- Published on
15 Useful extra columns for ETL jobs
- Authors
- Name
- Wuttichai Kaewlomsap
- @wuttichaihung
Introduction:
ETL (Extract, Transform, Load) jobs are critical components of data pipelines, allowing organizations to move data from source systems to target systems and transform it along the way. As you design and implement ETL jobs, it's important to consider the additional columns that can provide valuable information and context for downstream data consumers. In this blog post, we'll explore some of the extra columns that you might consider including in your ETL jobs.
List of extra columns
ppn_tm
: This could potentially refer to "process start time" or "processing time" depending on the context.

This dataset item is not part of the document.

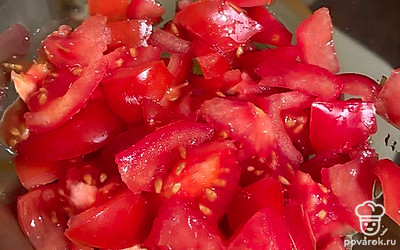 Нарезаю помидоры. Можно и крупно нарезать овощи, на ваш вкус.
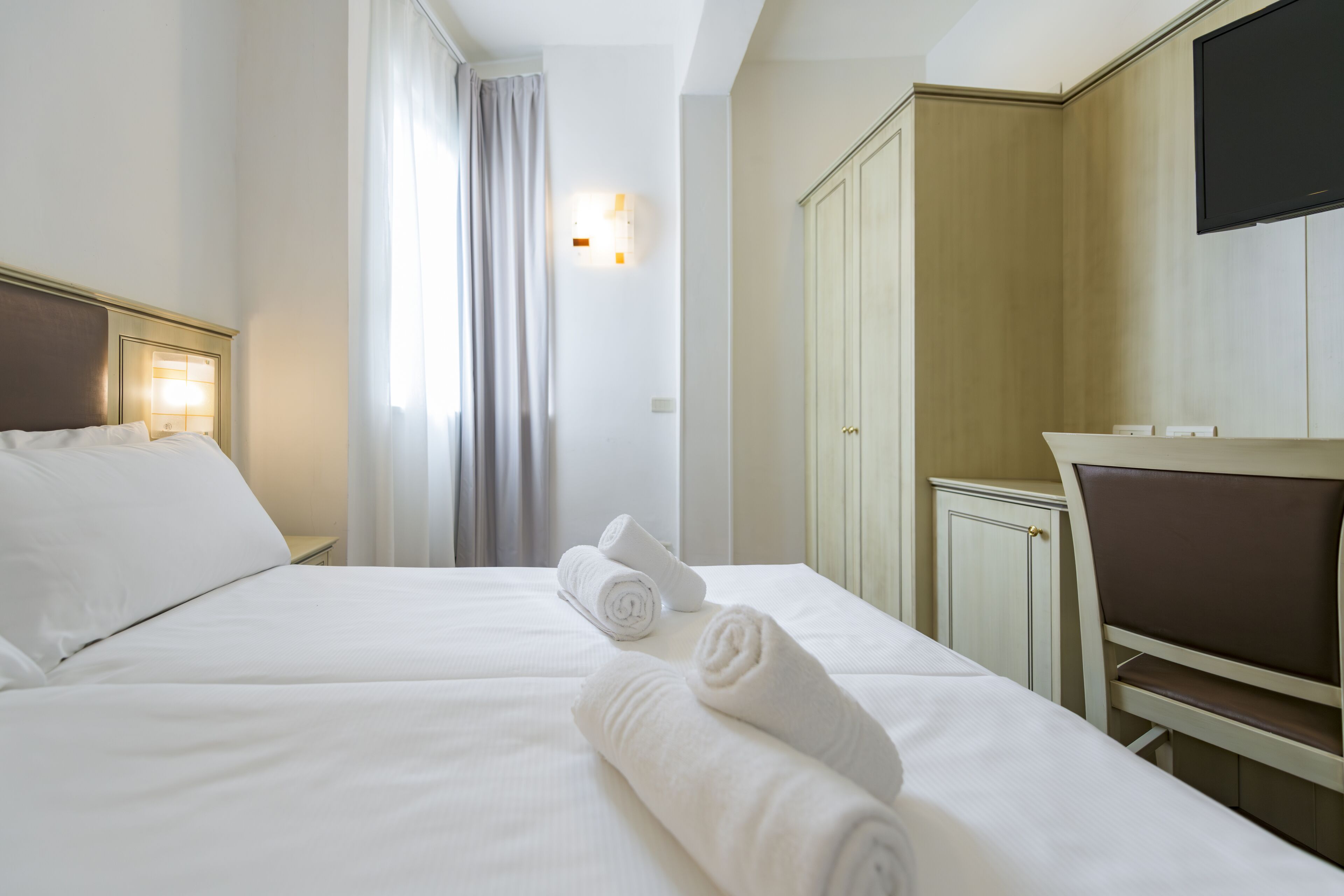 economy room | 1 bedroom, down duvets, minibar, in-room safe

Adding a column for the time at which a process started or the time it took to process data can help with performance analysis and optimization.source_system
: This column can be used to indicate the source system from which data was extracted. This can be useful for tracking data lineage and identifying any issues or errors that may have originated from a specific source.load_date
: Adding a column for the date on which the data was loaded can help with tracking data freshness and identifying any data quality issues that may have occurred during the loading process.record_status
: This column can be used to indicate the status of a record (e.g., new, updated, deleted). This can help with identifying changes to data over time and ensuring data consistency.error_message
: Adding a column to capture any error messages or exceptions that occur during the ETL process can help with troubleshooting and identifying issues with data quality or processing.transformation_version
: This column can be used to indicate the version of the ETL transformation or job that processed the data. This can help with tracking changes to the ETL process over time and identifying any issues that may be related to specific versions.record_type
: This column can be used to indicate the type of record (e.g., customer, transaction, product). This can help with organizing data and identifying patterns or trends.source_file
: Adding a column to capture the name or location of the source file can help with tracking data lineage and identifying any issues or errors that may have originated from a specific file.source_row
: This column can be used to capture the row number or identifier of the source data. This can be useful for identifying and correcting data quality issues.source_timestamp
: Adding a column for the timestamp of the source data can help with tracking data freshness and identifying any issues that may be related to specific time periods.target_timestamp
: This column can be used to capture the timestamp at which the data was loaded into the target system. This can help with tracking data lineage and ensuring data consistency.data_hash
: Adding a column to capture a hash value of the data can help with detecting any changes or inconsistencies in the data.derived_column
: This column can be used to capture any new or derived data that is generated during the ETL process. This can help with organizing and analyzing data.batch_id
: Adding a column for the ID of the batch or job that processed the data can help with tracking data lineage and identifying any issues that may be related to specific batches.processing_time
: This column can be used to capture the amount of time it took to process the data. This can help with performance analysis and optimization.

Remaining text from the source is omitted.